Sardegna Teatro
in collaborazione con Goldenart Production, La casa delle storie e Rialto Sant’Ambrogio
La paura
di Federico De Roberto
con Daniel Dwerryhouse
adattamento e regia Francesco Bonomo
In alta montagna, in un ambiente inadeguato ad una guerra di trincea, i soldati del plotone al comando del Tenente Alfani sono dislocati sul Forte del Corbin, prossimi alla “porta dell’Inferno”. Essi provengono da tutte le parti d’Italia e parlano dialetti così diversi da creare una lingua polifonica; per la maggior parte sono soldati improvvisati che il protrarsi della belligeranza ha corroso e indebolito. In loro è avvenuta una sorta di osmosi tra paura e rassegnazione divenuta ormai indissolubile.

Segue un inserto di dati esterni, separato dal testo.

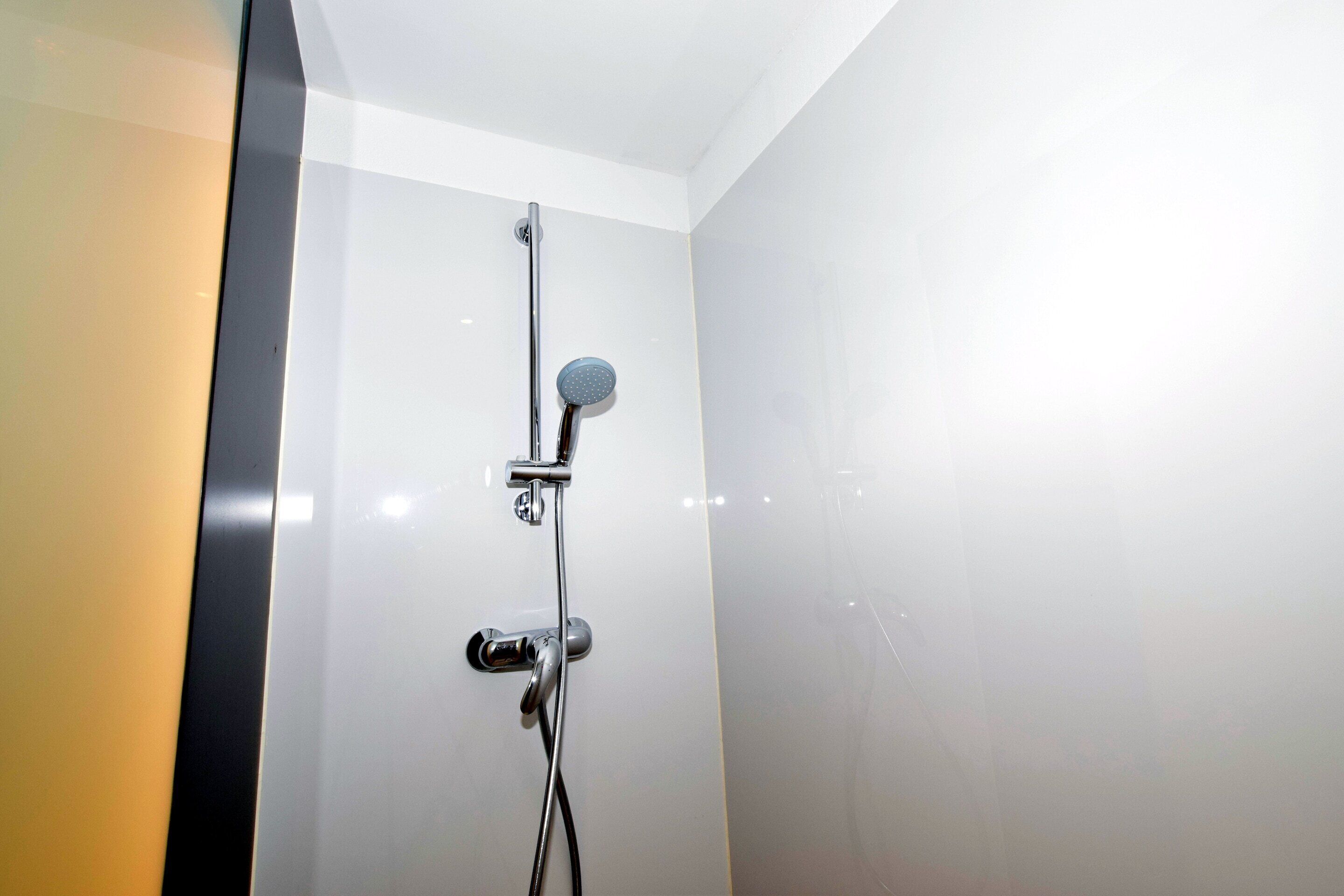 Une douche moderne dotée d’un pommeau de douche à main et d’un robinet mural.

Il Tenente Alfani gestisce la turnazione degli uomini che devono raggiungere la postazione avanzata: “La piazzola, quantunque lontana soltanto una cinquantina di metri dalla trincea, ne pareva remotissima essendone distaccata del tutto…”. Il suo ruolo di ufficiale gli impone di rispettare e dare l’ordine che condurrà i suoi ragazzi ad una morte ingloriosa e inutile: chiunque di loro si avvia a percorrere quella ‘cinquantina di metri’ viene inesorabilmente ucciso da un’implacabile cecchino nemico. Per il Tenente Alfani, questa fase della guerra non rappresenta una semplice routine: il meccanismo della turnazione, così apparentemente indolore, e scevro da responsabilità individuali e personali, inizia a generare dubbi sulla giustezza degli ordini fino ad incepparsi del tutto quando alla piazzola avanzata deve andare il soldato Morana. Proprio Morana “fregiato da un nastrino azzurro per una medaglia di bronzo guadagnatasi in Libia” e soprannominato l’eroe risponde: “Signor tenente, io non ci vado”. Il Tenente è incolpevole ma si sente tuttavia responsabile, ossessionato dalla colpa di aver mandato a morte i suoi uomini e consapevole dell’ordine di fucilazione che dovrà dare se Morana insistesse nella sua disobbedienza. Alfani allora imbraccia lui stesso un fucile e fa per andare verso la piazzola: vuole redimere Morana sostituendosi a lui. Ma il capoposto glielo impedisce, ricordandogli che il rispetto della gerarchia non tollera simili gesti. Il soldato Morana imbraccia improvvisamente il moschetto, se lo punta al mento e… La paura di cui ci parla De Roberto nel suo racconto del 1921 è una delle tante paure che tessono la memoria del primo conflitto mondiale. I personaggi e la trama de La Paura non sono univoci: la tesi dell’autore resta una delle tante possibili, e l’interpretazione della guerra resta distinta dall’esperienza della guerra. A cento anni di distanza intendiamo raccontare di come la paura di un nemico invisibile a volte dislocato a solo pochi metri di distanza, la regressione dell’uomo provocata dai brutali turni in trincea, i lunghi periodi di inazione, il rumore assordante e incessante dell’artiglieria, l’odore della morte, le condizioni estreme della guerra d’alta montagna, il calpestare i corpi dei caduti stratificatisi all’interno dei camminamenti, divenne nella Grande Guerra dimensione quotidiana.